La Spezia

La 
Spezia was a dawn approach and very thrilling in the knowledge that there was a 
full day of shore leave ahead and a fine day promised. There was some 
entertainment at the security gate where the three officials eagerly competed to 
provide Brigitte with information, very earnestly looking up phone numbers and 
proffering information on the best seafood place to eat, which turned out to be 
at Porto Venere. My first choice was the "five villages" or Le Cinque Terre that 
looked to be fantastic. I thought I might hire a small boat and visit some of 
them by water which would provide photo opportunities or the other choice was to 
go to Porto Venere, a very quaint little port I had seen as we came in earlier 
and had read a brochure on. In the event there was a bus and train strike and 
our only real option therefore was a ferryboat trip to Porto Venere leaving 
early afternoon.   
Till 
then we went our separate ways and I had a lovely time wandering about the city 
with plenty of time to do the mailing from the Post Office and to have the first 
leisurely Internet Cafe visit of the trip. The cafe was just a plain little 
computer-crammed room adjoining a pub, the bar of which featured a girl sitting 
on the edge of a pink convertible. I then took Italian coffee, a local red wine 
and a bread snack under a street awning outside. Wafting down from an unseen 
room along the street came the unmistakable strains of Moby singing Sausage Dog 
- so incongruous - where was the Italian fiddle or the opera singer? I loved it.
  

I 
reached the Albatross just before its departure. The photos I took as we motored 
to Porto Venere were better than earlier distant ones of that shore that I had 
taken from the ship so later I was able to substitute them. As it was I took 230 
shots that day, which were later whittled down to about 160, still probably too 
many but it is hard to be objective so close to the event. What a superb day I 
had.   

After 
looking about the town and having a bite to eat I left the tourists behind and 
headed off up the hill beside the castle and then away up a rocky track leading 
to a ridge that ran along high above the coast towards Le Cinque Terre some 
hours away. I kept going hoping that there would be views up the coast but the 
track was just below the ridge looking out on the harbour side and I had to 
eventually give up. I passed a point where I was looking directly along a 
breakwater on the opposite side of the harbour that we had passed in the Marfret 
on the way in, either side of which had extensive mussel farms.

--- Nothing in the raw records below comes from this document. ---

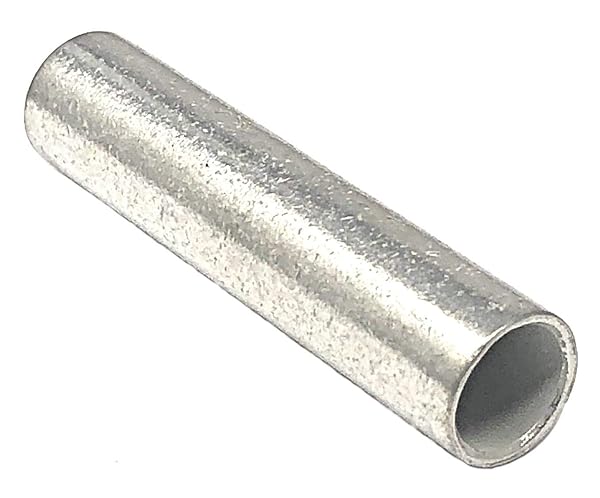 WindyNation 5 Pack 2/0 AWG Butt Splice Connectors Pure Copper Tin Coated Marine Grade Uninsulated by WindyNation - View 2 of 3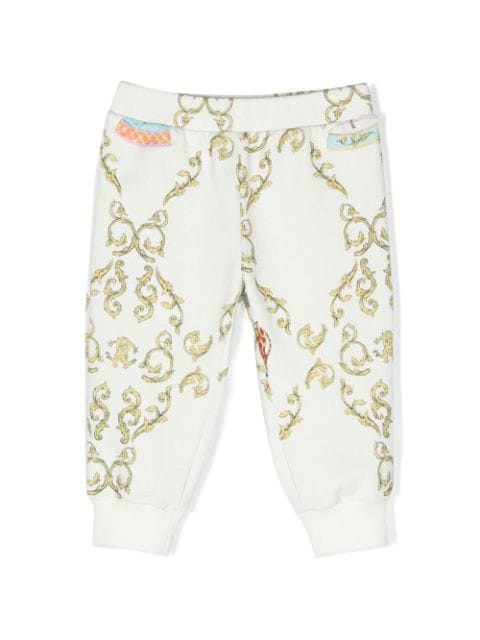 Roberto Cavalli Junior chain-print track pants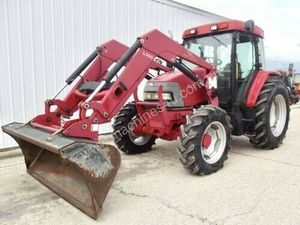 McCormick CX85 85HP 4WD Tractor w/ Loader, Bucket, Forks, Flail Mower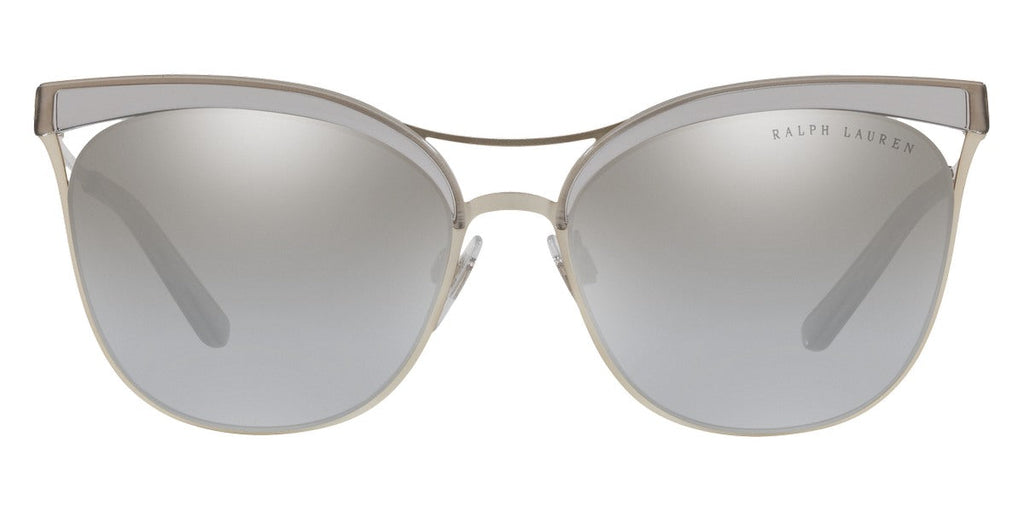 Ralph Lauren Women's Sunglasses Browline Silver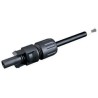 Staubli PV Series Female Cable MC4 Connector, Coupler, 1.5mm² & 2.5mm², 22A, 1kV, IP67, Crimp Termination 32.0010P0001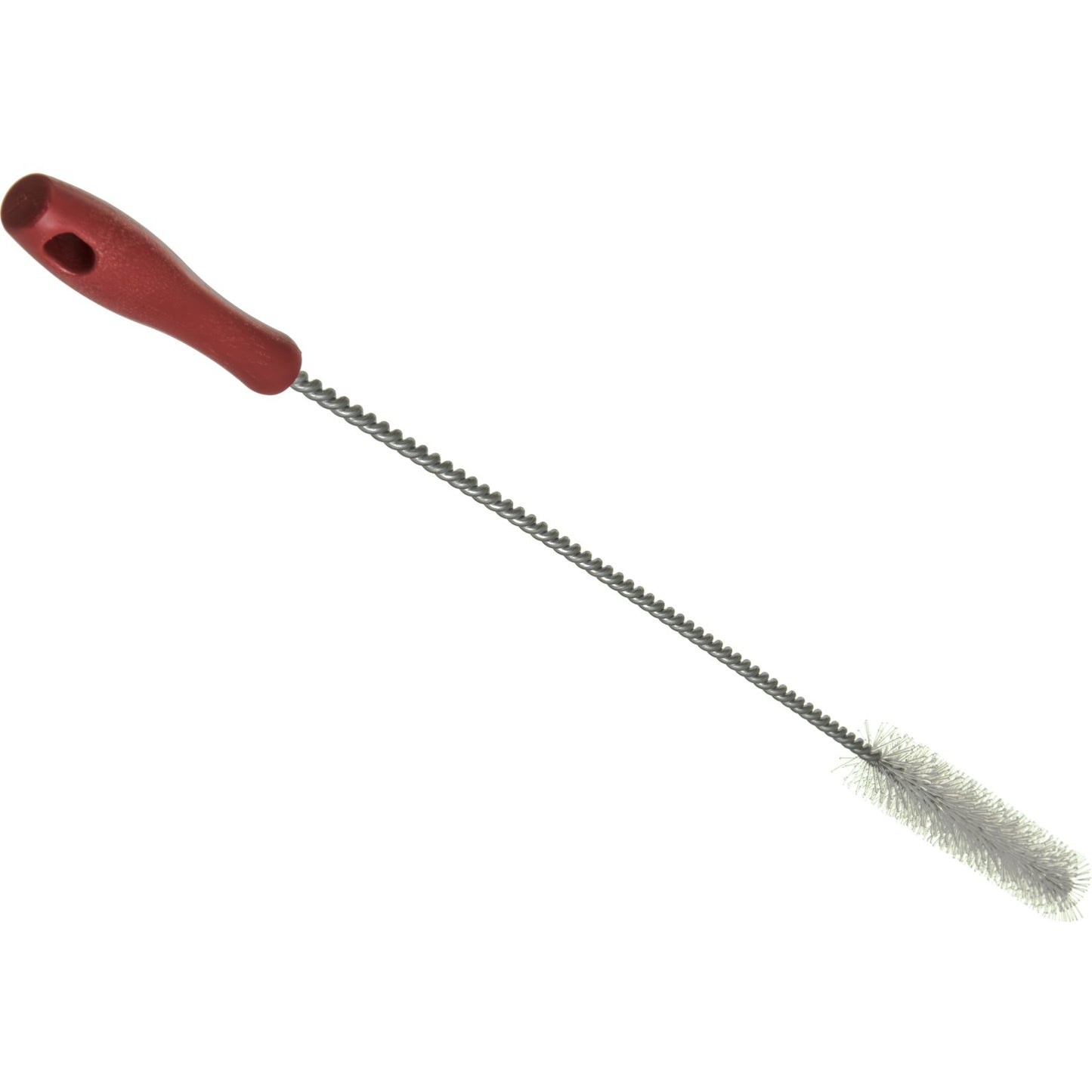 Carlisle 4012005 28" Sparta Straight Fryer High Heat Brush with Red Plastic Handle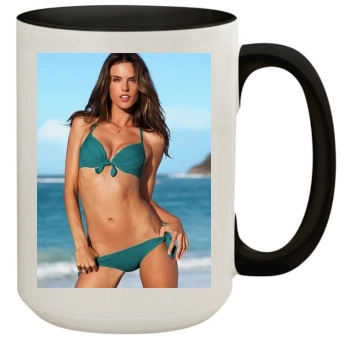 Alessandra Ambrosio 15oz Colored Inner & Handle Mug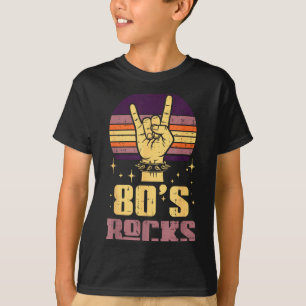 80s Rock Rocker Hand Vintage Punk Metal Music Men T-Shirt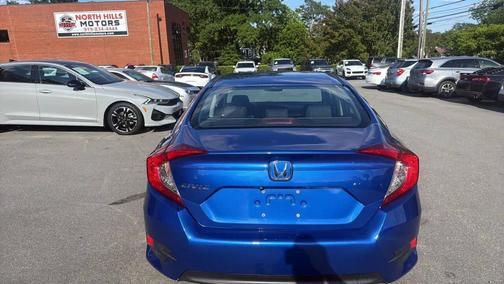 Blue 2018 Honda Civic LX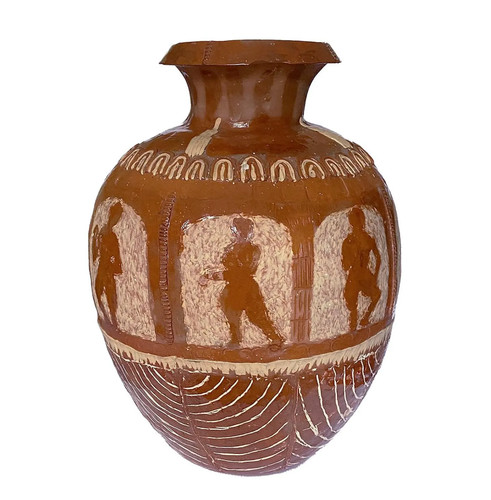 Large carved vintage studio - carved,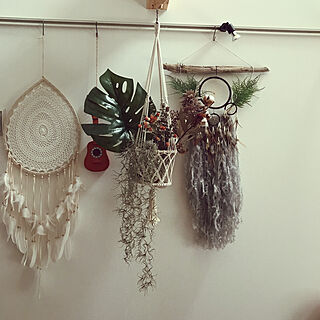 壁/天井/Dreamcatcher/Boho Style/観葉植物/BOHO...などのインテリア実例 - 2018-11-18 10:16:21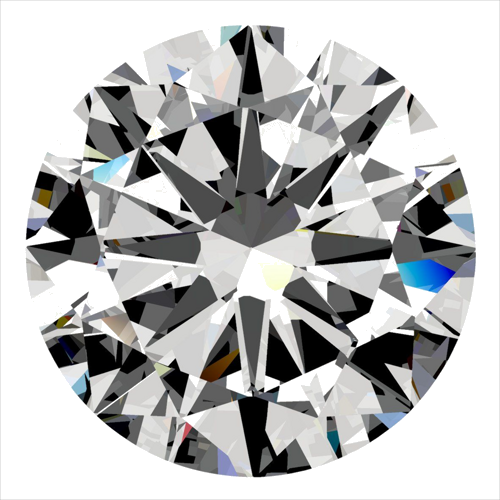 0.3 carat G-SI2 GD cut Natūralus Round Deimantas (1)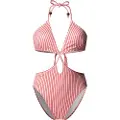 Pepe Jeans for woman. PLB10567 Lightweight stretch fabric swimsuit pink (L), Beachwear, Polyester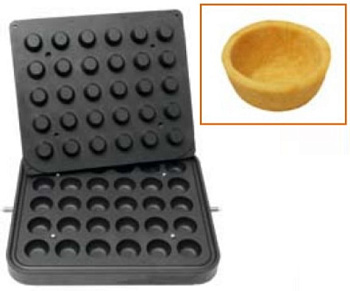  Форма Kocateq DH Tartmatic Plate 38 для 30 круглых тарталеток Ø 45 мм на сайте Белторгхолод
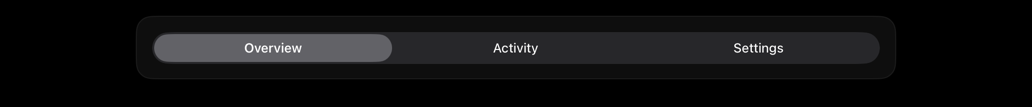 tabs on iPad, dark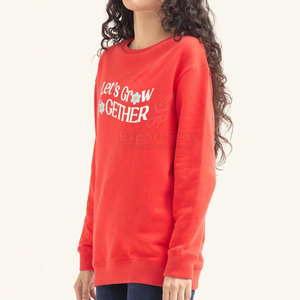 Sudadera transpirable personalizada para mujer, precio al por mayor, último estilo, ropa informal, sudadera a la venta - Product Image 4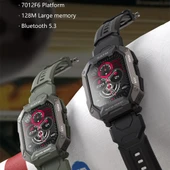 C20Plus 1.81 inç Sağlık Takipli Su Geçirmez Bluetooth Aramalı Akıllı Saat Kamuflaj Yeşil - 11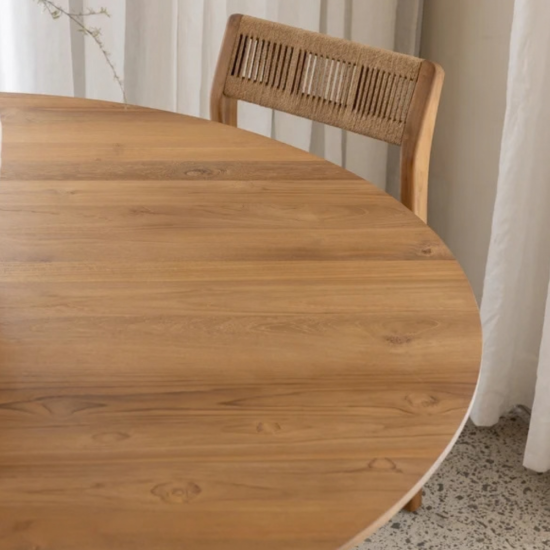 Tiram Dining Table Natural Set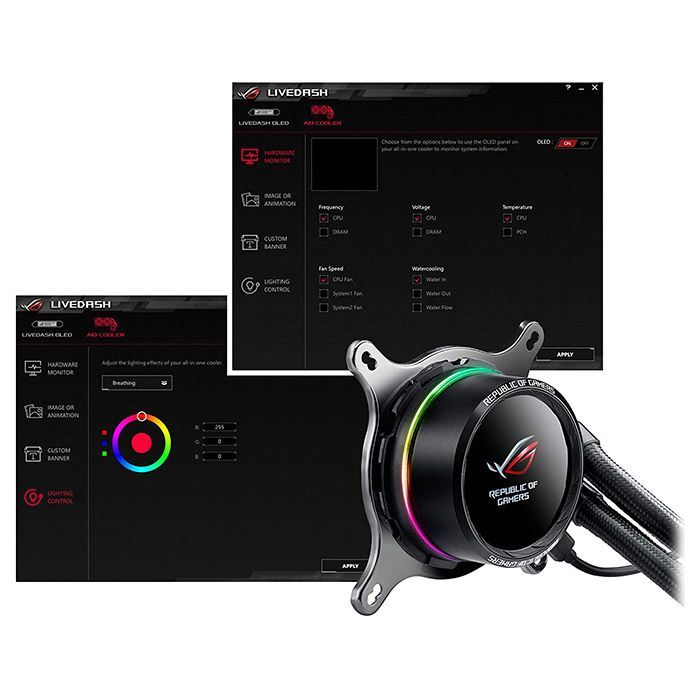 Система рідинного охолодження ASUS ROG-RYUO-120 (90RC0010-M0UAY0) зображення 5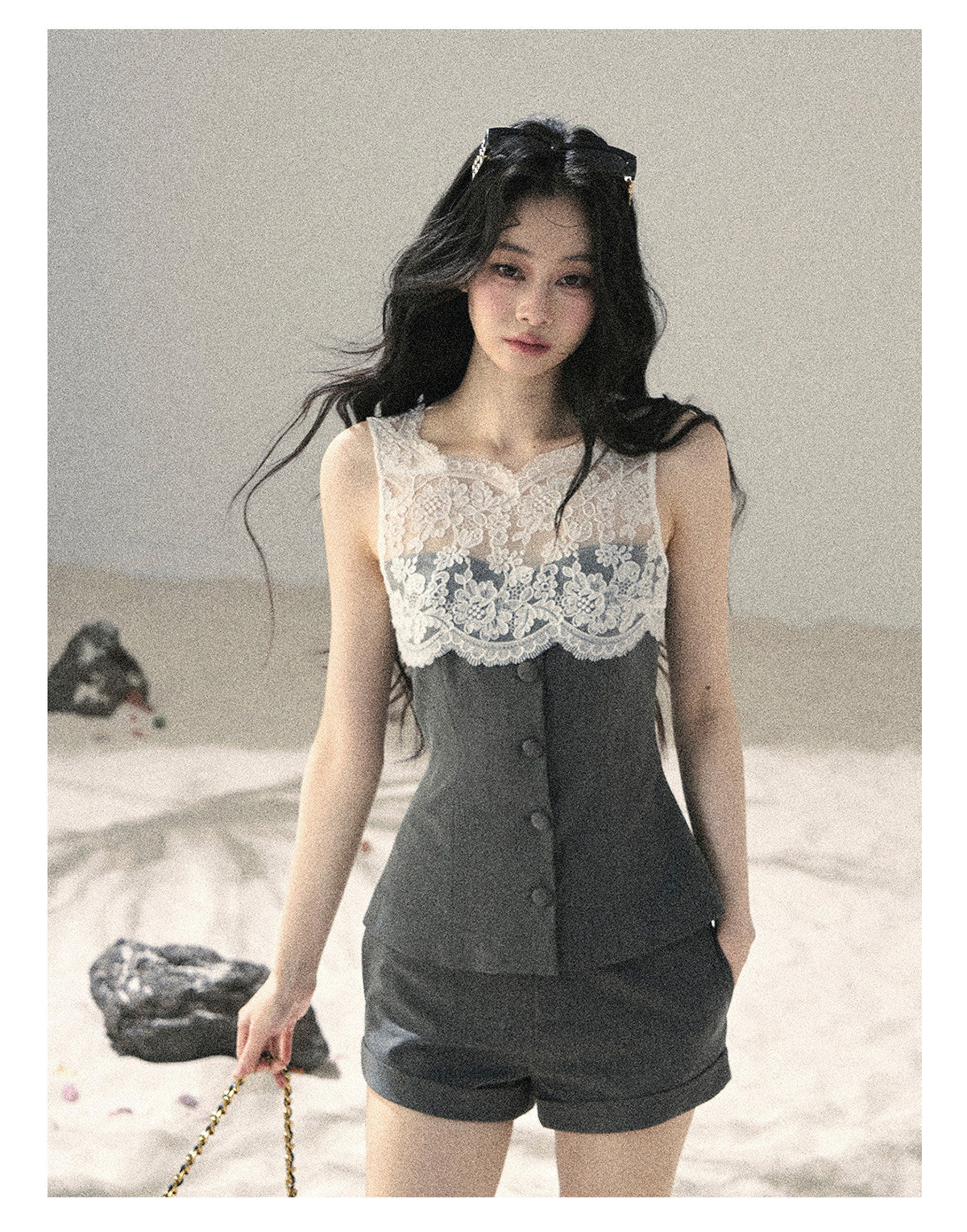 ShaoYeYan Aomalm Blossoms Seen Through Mist Premium French Lace Set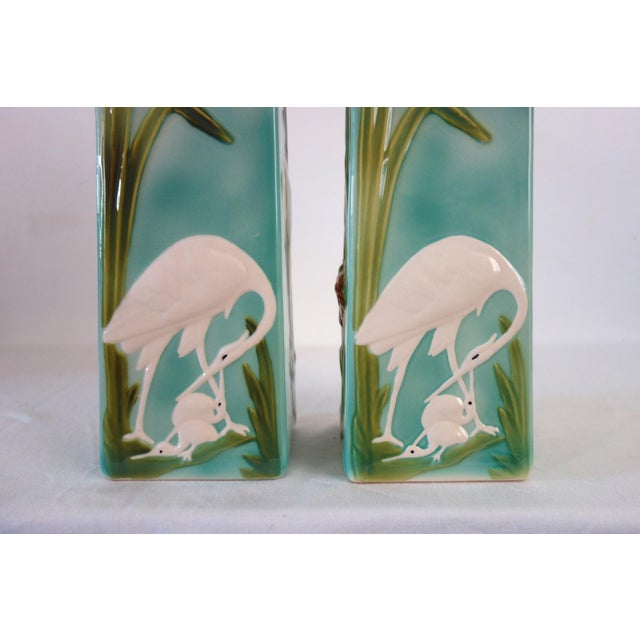 Barbotine Vases from Saint Clément, 1900s, Set of 2 For Sale - Image 9 of 14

Up high the 
track was in scraggy pines with light dry undergrowth while further down the 
stone terraced hillsides were in olives.   
On the way up the first steep part of the ridge I had noticed at regular intervals a series of peculiar round holes with a square recessed within chiselled in the rock and wondered if they were base holes for posts of some sort. The answer came in finding a stone hut containing the remains of an old steam engine and gear and pulley wheels. There must have been a pulley and cable system at some time in the past for moving things up the ridge. I wondered if it was some activity from the last war.


Above 
Porto Venere were a number of abandoned and ruined houses with signs that they 
had been camped in by vagrants and just above the castle was an attractively 
curved wall with wind bent scrub forming a natural roof overhead. I scrambled in 
to find myself in the small encampment of a hippy lady. She had a couple of 
timber shelves in against the stones of the wall where there was propped a 
fragment of broken mirror, food tins and various unidentifiable sundries. There 
were two small tents and a bit of clear plastic over a pole forming another 
shelter so she must have had companions sharing the place. I would love to have 
photographed her in her dell but as pleasantly and respectively as I could I 
apologised for invading her privacy, shook her hand and took my leave.
My 
next discovery was the precipitous track down to some caves that had been mined 
out of the rock, perhaps to provide limestone for building, I've no idea. This 
led me around above the cliffs to the local cemetery. There was absolutely no 
(living) person there so I was able, quietly and somewhat in awe, to enjoy the 
tranquillity of a most unique and no doubt sacred place. The day was getting 
along so I knew I had to push myself to see the remaining sights in time for our 
dinner rendezvous where we had previously made a booking for 6.30.  
 
Apart from the fact that I was at dropping point - it had been incredibly hot and hard going - I found my timing had turned out to be fortuitous. The tourists had mostly departed and I had the Doria Castle all to myself without the usual problem dodging others for the photos I wanted. Lovely cameos were presented by looking out of castle apertures designed for defence and once manned by crossbowmen and harquebusiers. The round towers further down were the bases of a couple of old windmills and to the left along a walled and rock-paved path was the local church the San Lorenzo that unfortunately was now closed.
However I again had an area to myself except for an old man filling a plastic container from a communal tap that also provided me with a much needed drink. I had carried no water and was a little parched. I have a brochure and will not bore you with information from it, though I found it very interesting just the same. A billy goat trotted along the top of a wall begging I guess for something to eat. He didn't look starved but I was and probably looked it. Right at the bottom on a rocky point at the seaward mouth of the harbour was the church of San Pietro. There a small tour group of men were scrambling over the place, all dressed in some alpine national costume that included snazzy felt hats rakishly sporting pheasant feathers, braces and belts, knee-high hose and shining leather shoes. They looked as if they were especially commissioned to provide atmosphere.
The 
boats you see along the waterfront are not for tourist window dressing but are 
the local fishing fleet and there are blotches of paint on pavement and 
limestone rocks where they carry out their normal maintenance. They still used 
thole pins rather than rowlocks against which to pull their oars. Just before 
our meal our chef walked out to the end of the jetty to collect a bag of fresh 
mussels so I had to order those. They were very small black shelled ones and 
quite nice. I also had prawns or langoustine. They were good too but the legs 
were a challenge to my teeth and I had to desist for fear of doing serious 
damage.   
We left Porto Venere in good spirits for a Monte Carlo Rally ride with a casual middle-aged Italian woman taxi driver who ripped around the narrow hillside road glued to the tail of a carload of young people tearing along in front of us. I was glad to be in the back seat and even more glad to alight at the ship.